A flat bump payment produces very bad incentives.
Insurers would compete vigorously to get the bottom 90% enrolled as these members are profit centers after risk adjustment. The problem is that every insurer is going to run like hell from the two high cost members. They are guaranteed money losers. This means networks will get cut, drugs will be placed on high cost sharing portions of the formulary and every other barrier to enrollment will be set up. If a carrier in the first year gets a large number of the very high cost individuals within a disease category they will change their offerings to make it ugly in the second year.

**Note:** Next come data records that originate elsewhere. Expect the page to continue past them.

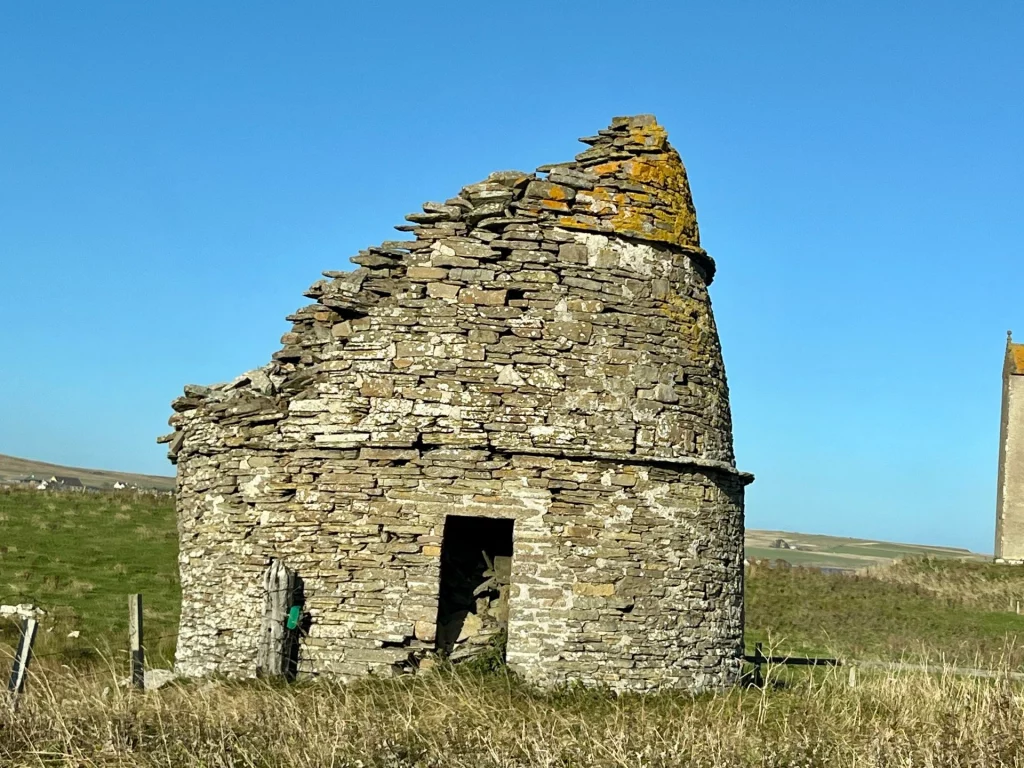 Eine Bienenkorb-förmige Ruine eines historischen Taubenturms aus geschichtetem Stein auf einer grünen Wiese unter blauem Himmel.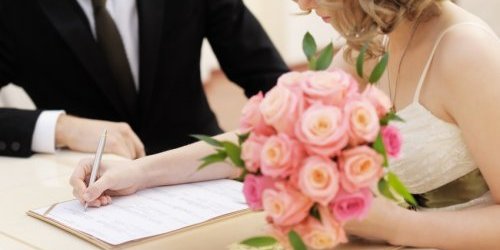 Hand der Braut, unterschreibt beim Standesamt die Urkunde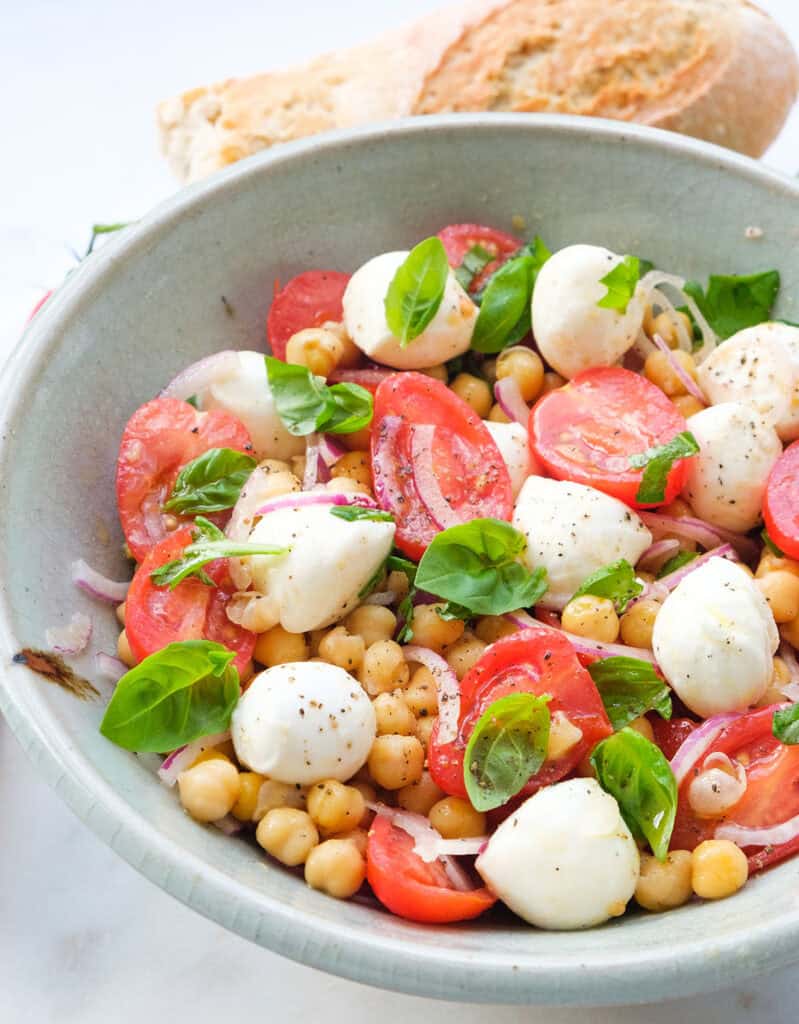 A bowl full of Italian chickpea salad with mozzarella and fresh basil.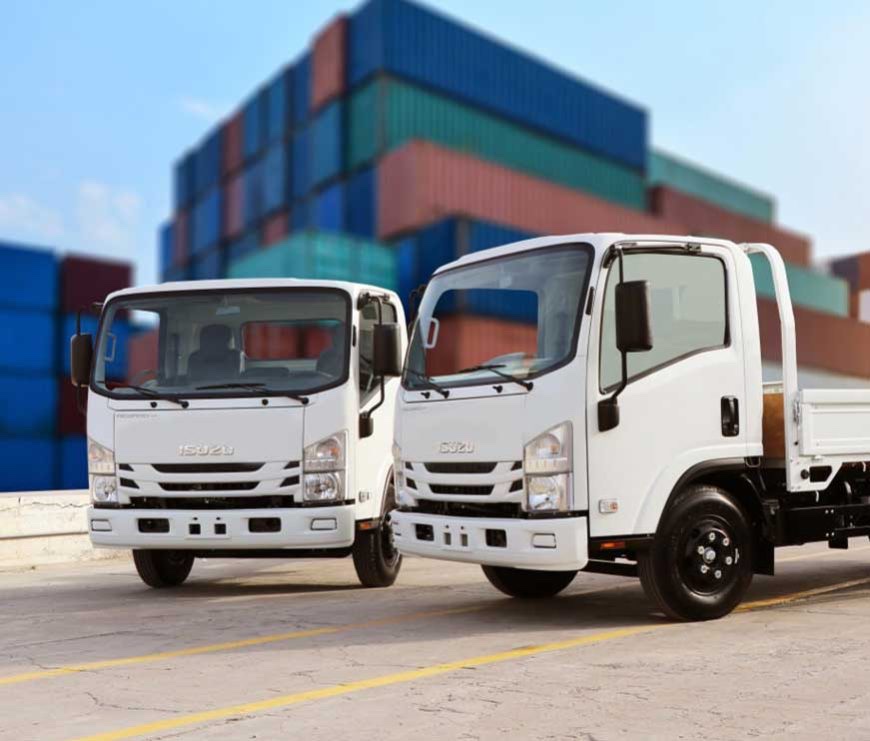 Isuzu N-Series trucks at a container yard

This incentive can be beaten if there is two part risk adustment. The first part would be a bump payment or a base score for relative risk calculation purposes that effectively covers the standard of care for the eighteen low cost individuals. The second part is a catastrophic reinsurance or bonus score for relative risk calculation that only applies to individuals with certain procedure codes and documentation. At that point, the incentive to run like hell from the sick and cherry pick the risk adjustment gold mine is minimized at the cost of higher administrative complexity.
Later on this week, we’ll talk about concurrent and adjusted period risk adjustment and the challenges both try to solve.
Larkspur
I’m not stupid, but I am terribly (maybe willfully) ignorant about this whole huge issue. Just reading this:
…and trying to concentrate on the rest of your post, I’m already less ignorant. At this point, I don’t know enough to know whether I even disagree with anything you’ve written. But even though New Year’s resolutions are stupid, I am still resolved to read this stuff till I understand it, until I can discuss it with others in a credible, coherent way. It has seemed too big before, and I know my ignorance is essential to perpetuating bad systems, but I am going to be less ignorant from now on. Thanks. Happy New Year, despite all evidence to the contrary. The future hasn’t happened yet.
Russ
Would the cost of health insurance be lower if all states were involved?
Another Scott
Great post.
Presumably our near-term future is going to look much more like case B than A, as more expensive diseases and conditions become more routinely treated. Custom-grown organs for transplant, custom drugs for particular diseases, more advanced prosthetics and implants, etc.
Do traditional medical insurance companies recognize that they’re seeing a train coming at them through the tunnel? Are they like the big oil companies – recognizing that they’re doomed in the long run, but looking to maximize profits in the near term because, hey, it doesn’t matter if the company is a smoking ruin in 30 years if they can become millionaires in 15….?
How does Kaiser manage to do well enough to have nice ads on TV and seemingly a generally-happy client base? Is the future going to be Kaiser running everything if the PPACA and Medicare is gutted?
So many questions… :-/
Thanks.
Cheers,
Scott.
Richard Mayhew
@Another Scott: Nope, can’t say what A or B is. This is purely a technical description independent of how different diseases have different cost profiles even if the average cost to treat is the same.
As far as custom medicine — there could be an argument that custom organ transplants would lead to more transplant surgeries but far less complications as the replacement part actually fits into place instead of having to be filed on the factory floor. That is a damn good question that I have no ability to answer and barely an ability to frame the right set of follow-up questions. I think it is a world that I would be more than willing to pay more as we’re getting better value.
As for traditional insurers, they’ll do fine in a Medicare Advantage world and honestly 10 years is forever much less 30.
Kaiser uses the combination of good health IT, excellent branding and pretty decent care to do well.